■ Information supplied:
..........
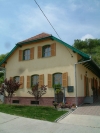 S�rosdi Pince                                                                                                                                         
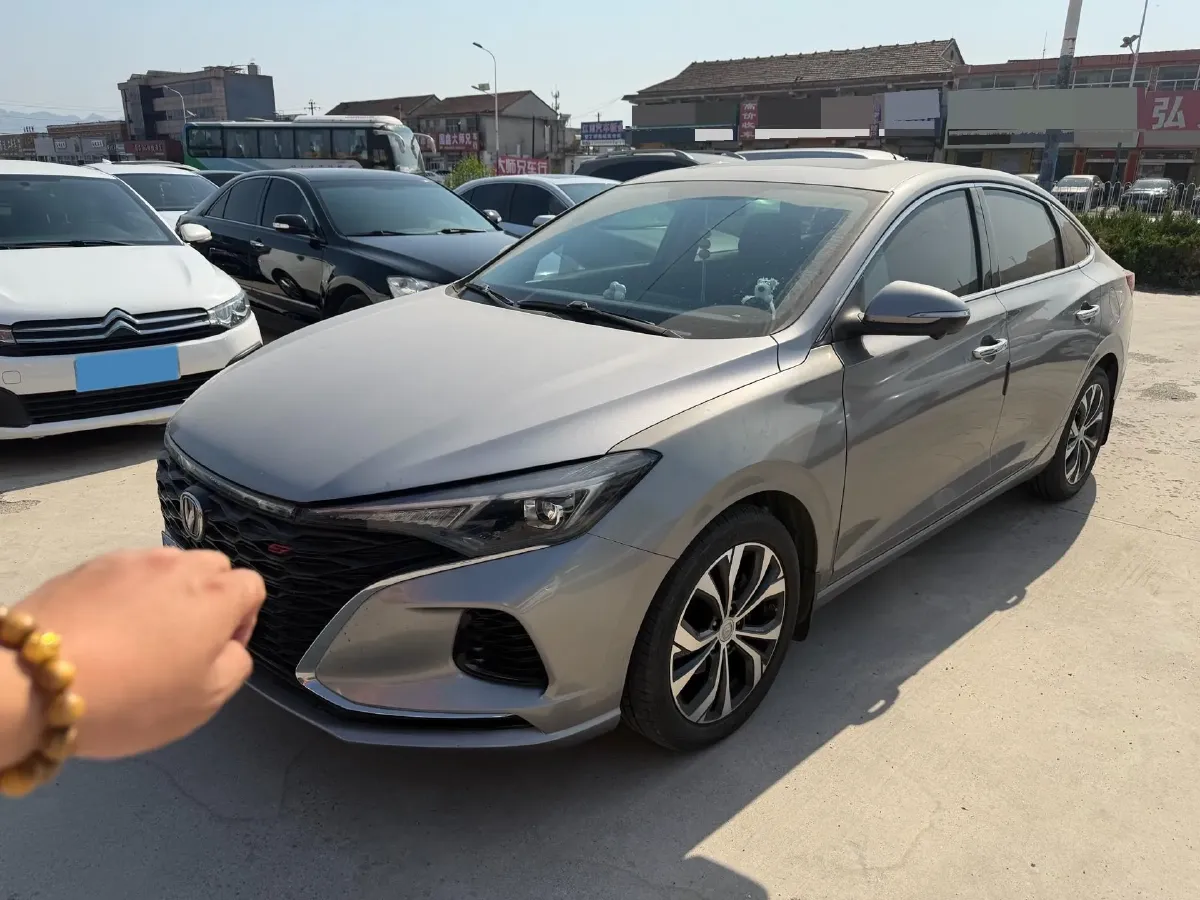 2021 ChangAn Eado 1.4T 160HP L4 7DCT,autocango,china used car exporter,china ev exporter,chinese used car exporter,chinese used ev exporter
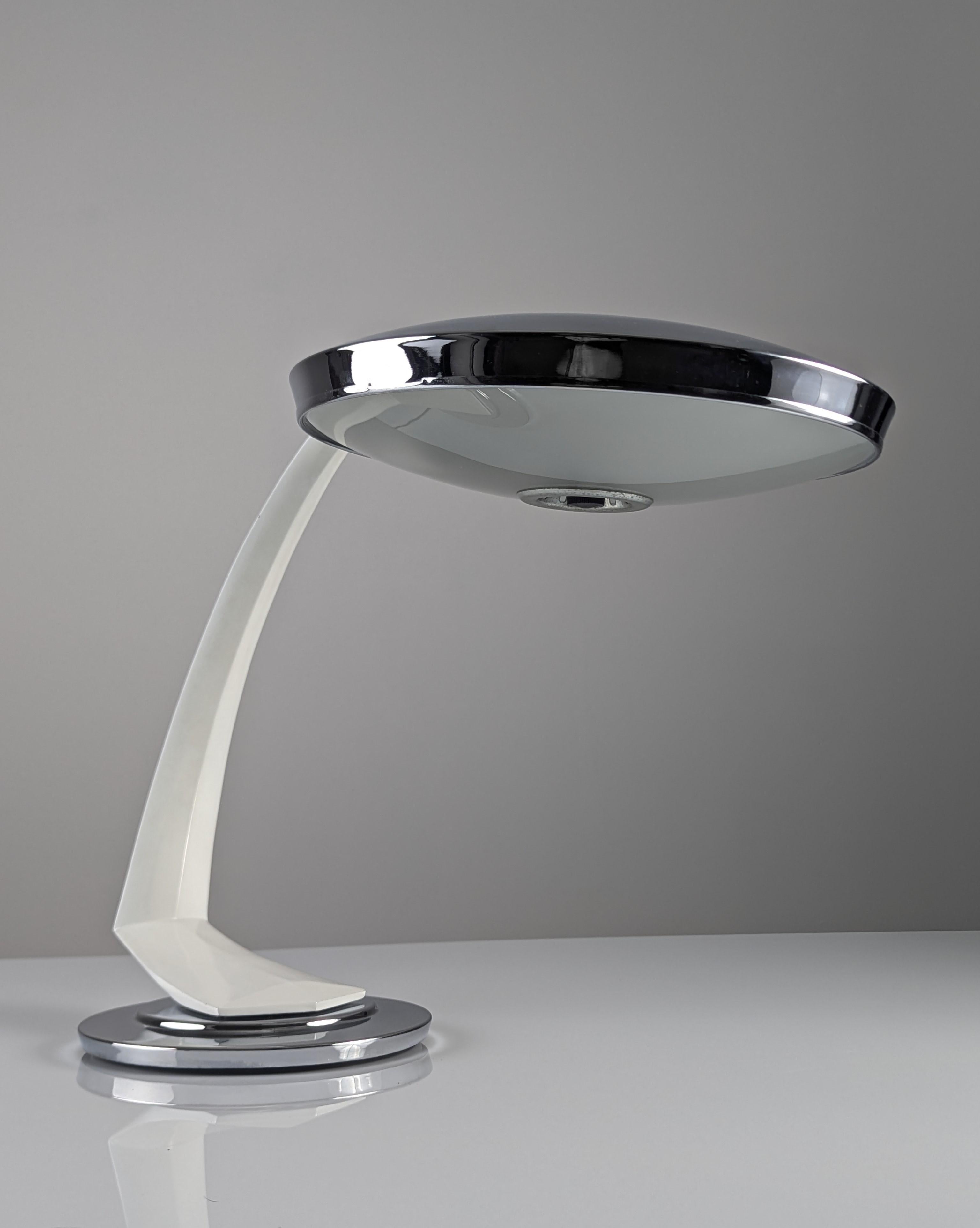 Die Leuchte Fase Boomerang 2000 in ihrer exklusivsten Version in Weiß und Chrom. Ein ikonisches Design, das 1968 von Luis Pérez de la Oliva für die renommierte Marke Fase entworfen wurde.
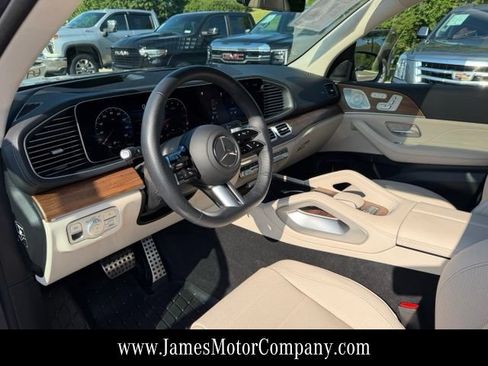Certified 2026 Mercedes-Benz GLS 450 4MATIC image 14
..........
■ What is being asked:
Nothing but the lines from the one holding "Die Leuchte Fase" through the last line of the listing should appear in the answer, copied exactly and without pictures.

■ Task response:
 Die Leuchte Fase Boomerang 2000 in ihrer exklusivsten Version in Weiß und Chrom. Ein ikonisches Design, das 1968 von Luis Pérez de la Oliva für die renommierte Marke Fase entworfen wurde.
Certified 2026 Mercedes-Benz GLS 450 4MATIC image 14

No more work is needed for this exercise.